No more policing, incarceration, and militarization. It can't be reformed.
— Rashida Tlaib (@RashidaTlaib) April 12, 2021
Even though Tlaib is off-the-charts crazy in a Marjorie Taylor Greene sort of way, there is a point held tightly in her simplistic grasp: There remains an enduring cultural belief that black people are prone to crime and violence, thus making cops take a more aggressive posture as a matter of self-protection. Cops perceive greater risk when the driver is black, which justified a more defensive and aggressive course of action, which escalates tensions, confusions and guides reactions.

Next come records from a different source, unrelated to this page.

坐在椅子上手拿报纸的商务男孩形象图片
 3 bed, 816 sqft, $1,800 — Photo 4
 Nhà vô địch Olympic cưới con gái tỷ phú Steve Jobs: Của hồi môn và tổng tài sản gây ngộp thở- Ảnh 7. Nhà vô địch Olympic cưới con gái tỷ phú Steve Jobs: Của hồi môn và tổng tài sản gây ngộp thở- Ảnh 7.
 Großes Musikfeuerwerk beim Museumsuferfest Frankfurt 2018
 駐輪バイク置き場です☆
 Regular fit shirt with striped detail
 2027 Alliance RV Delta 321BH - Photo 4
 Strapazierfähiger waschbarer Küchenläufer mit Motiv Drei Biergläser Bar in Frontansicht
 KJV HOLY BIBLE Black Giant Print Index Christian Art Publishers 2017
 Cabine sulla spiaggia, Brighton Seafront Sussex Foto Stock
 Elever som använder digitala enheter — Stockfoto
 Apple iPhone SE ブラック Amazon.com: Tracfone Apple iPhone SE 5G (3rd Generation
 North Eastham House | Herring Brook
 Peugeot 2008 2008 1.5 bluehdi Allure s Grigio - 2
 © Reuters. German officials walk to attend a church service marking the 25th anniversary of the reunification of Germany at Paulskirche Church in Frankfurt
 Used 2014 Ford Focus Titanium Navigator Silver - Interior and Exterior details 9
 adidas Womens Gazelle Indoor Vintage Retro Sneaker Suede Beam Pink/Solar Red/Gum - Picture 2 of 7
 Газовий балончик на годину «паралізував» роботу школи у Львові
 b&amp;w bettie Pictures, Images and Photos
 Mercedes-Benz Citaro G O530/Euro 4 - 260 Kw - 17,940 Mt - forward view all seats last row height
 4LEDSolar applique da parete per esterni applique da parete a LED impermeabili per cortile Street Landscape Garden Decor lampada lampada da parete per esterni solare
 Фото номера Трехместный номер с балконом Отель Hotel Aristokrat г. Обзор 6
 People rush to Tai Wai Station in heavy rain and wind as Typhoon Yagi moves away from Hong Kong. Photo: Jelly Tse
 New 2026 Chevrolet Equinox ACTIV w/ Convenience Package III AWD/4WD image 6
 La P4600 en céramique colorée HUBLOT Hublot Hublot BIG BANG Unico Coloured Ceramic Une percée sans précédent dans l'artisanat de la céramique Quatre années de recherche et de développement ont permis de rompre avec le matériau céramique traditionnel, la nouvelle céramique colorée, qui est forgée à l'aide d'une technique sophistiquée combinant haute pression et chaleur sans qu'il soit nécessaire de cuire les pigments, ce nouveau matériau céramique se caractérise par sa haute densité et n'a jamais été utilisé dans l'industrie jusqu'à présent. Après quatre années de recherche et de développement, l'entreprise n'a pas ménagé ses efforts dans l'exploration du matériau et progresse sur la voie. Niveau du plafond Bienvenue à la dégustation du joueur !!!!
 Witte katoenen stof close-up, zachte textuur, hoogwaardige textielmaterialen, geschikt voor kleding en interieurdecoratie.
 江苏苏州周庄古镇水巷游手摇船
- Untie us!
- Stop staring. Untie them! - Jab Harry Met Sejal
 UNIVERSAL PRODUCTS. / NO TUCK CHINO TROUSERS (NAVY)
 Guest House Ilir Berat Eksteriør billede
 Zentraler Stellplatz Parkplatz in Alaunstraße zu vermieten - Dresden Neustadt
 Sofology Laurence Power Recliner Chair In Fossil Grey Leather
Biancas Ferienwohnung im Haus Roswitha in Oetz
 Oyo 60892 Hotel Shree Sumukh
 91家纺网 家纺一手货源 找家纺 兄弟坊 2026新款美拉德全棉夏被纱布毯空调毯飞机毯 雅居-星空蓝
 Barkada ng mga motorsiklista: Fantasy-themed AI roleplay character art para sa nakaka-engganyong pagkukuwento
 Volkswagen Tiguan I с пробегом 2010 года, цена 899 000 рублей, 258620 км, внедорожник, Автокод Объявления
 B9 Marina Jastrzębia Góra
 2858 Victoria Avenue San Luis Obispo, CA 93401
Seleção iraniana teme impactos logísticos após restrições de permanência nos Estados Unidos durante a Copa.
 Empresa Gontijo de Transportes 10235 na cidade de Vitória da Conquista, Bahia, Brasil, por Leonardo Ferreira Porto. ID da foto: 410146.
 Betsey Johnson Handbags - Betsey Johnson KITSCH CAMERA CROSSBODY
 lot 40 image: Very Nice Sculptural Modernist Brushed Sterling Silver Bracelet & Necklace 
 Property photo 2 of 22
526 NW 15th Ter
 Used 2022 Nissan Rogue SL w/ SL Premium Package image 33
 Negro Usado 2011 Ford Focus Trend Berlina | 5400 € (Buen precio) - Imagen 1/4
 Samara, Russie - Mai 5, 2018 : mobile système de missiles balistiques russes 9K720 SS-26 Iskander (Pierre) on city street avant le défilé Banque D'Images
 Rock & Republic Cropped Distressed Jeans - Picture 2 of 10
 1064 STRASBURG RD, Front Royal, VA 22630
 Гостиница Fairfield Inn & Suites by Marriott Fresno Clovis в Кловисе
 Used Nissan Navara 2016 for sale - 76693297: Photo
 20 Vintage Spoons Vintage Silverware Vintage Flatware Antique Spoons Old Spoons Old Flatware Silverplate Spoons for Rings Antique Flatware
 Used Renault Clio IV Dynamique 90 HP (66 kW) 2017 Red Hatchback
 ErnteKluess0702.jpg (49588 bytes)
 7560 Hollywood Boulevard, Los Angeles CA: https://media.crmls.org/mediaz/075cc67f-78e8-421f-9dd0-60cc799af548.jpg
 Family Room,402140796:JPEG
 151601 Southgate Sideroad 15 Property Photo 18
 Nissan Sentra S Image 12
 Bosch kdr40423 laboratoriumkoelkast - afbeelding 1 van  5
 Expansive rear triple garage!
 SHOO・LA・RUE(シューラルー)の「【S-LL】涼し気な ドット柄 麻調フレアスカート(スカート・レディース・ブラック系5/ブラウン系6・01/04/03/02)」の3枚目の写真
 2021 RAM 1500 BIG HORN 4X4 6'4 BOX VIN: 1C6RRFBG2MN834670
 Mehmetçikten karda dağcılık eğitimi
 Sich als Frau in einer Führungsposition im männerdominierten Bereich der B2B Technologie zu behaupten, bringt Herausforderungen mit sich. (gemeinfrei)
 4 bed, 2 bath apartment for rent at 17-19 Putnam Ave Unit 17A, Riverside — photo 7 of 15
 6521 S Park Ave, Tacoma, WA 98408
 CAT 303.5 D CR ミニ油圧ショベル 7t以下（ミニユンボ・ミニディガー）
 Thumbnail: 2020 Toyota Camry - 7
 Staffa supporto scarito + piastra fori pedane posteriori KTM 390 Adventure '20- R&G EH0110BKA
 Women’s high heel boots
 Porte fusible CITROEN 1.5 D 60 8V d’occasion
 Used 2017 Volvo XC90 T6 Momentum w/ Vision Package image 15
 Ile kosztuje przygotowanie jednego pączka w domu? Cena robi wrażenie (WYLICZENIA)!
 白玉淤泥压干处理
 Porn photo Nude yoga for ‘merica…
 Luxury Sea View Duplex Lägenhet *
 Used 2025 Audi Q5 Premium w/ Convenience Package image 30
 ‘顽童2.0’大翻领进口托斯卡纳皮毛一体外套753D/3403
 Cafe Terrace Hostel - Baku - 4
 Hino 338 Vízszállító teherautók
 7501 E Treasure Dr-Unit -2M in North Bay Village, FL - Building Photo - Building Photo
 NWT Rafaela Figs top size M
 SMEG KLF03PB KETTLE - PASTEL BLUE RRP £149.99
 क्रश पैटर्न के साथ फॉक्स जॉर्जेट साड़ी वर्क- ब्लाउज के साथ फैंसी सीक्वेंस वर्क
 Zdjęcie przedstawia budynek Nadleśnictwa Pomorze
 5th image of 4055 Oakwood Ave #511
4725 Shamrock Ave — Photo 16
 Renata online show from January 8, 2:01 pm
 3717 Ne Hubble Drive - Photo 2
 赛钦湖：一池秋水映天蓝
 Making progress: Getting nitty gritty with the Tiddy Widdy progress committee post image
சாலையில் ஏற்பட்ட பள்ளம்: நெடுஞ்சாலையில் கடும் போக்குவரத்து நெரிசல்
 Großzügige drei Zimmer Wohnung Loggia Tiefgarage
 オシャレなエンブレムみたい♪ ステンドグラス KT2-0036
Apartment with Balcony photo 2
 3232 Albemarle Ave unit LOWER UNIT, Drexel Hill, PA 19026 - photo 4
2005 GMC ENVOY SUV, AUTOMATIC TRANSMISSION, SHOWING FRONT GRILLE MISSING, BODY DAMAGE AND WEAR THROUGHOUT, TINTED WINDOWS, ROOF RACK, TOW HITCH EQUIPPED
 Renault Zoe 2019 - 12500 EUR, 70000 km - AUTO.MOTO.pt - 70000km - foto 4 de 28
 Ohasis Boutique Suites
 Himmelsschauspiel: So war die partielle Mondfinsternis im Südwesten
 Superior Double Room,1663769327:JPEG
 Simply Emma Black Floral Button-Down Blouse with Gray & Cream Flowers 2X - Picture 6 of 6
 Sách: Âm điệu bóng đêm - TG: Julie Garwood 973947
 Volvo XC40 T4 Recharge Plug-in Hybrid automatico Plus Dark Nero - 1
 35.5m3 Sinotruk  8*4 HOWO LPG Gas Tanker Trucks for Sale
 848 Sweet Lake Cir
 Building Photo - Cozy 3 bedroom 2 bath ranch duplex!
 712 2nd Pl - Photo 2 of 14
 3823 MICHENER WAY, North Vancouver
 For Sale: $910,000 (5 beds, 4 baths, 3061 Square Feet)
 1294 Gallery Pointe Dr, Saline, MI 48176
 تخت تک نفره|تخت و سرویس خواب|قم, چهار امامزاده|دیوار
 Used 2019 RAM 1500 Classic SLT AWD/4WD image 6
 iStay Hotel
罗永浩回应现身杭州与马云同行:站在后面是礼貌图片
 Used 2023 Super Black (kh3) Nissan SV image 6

A hand movement by a sweet white granny isn’t a threat. A furtive gesture by a black 20-year-old is as close to the glint of steel a cop is prepared to suffer.
Police are trained as to the inherent dangers of a car stop. They don’t know who is in the car, whether they’re armed, whether they have unknown issues, drugs, guns or warrants, that will become apparent during the stop and substantially change the dynamic. The tags may be expired, which is no big deal, but the driver may be wanted for murder and perhaps he’s not inclined to have the officer know who he is.
But at Radley Balko points out, these may be real concerns, but the likelihood of a cop being killed during a car stop is “vanishingly rare.”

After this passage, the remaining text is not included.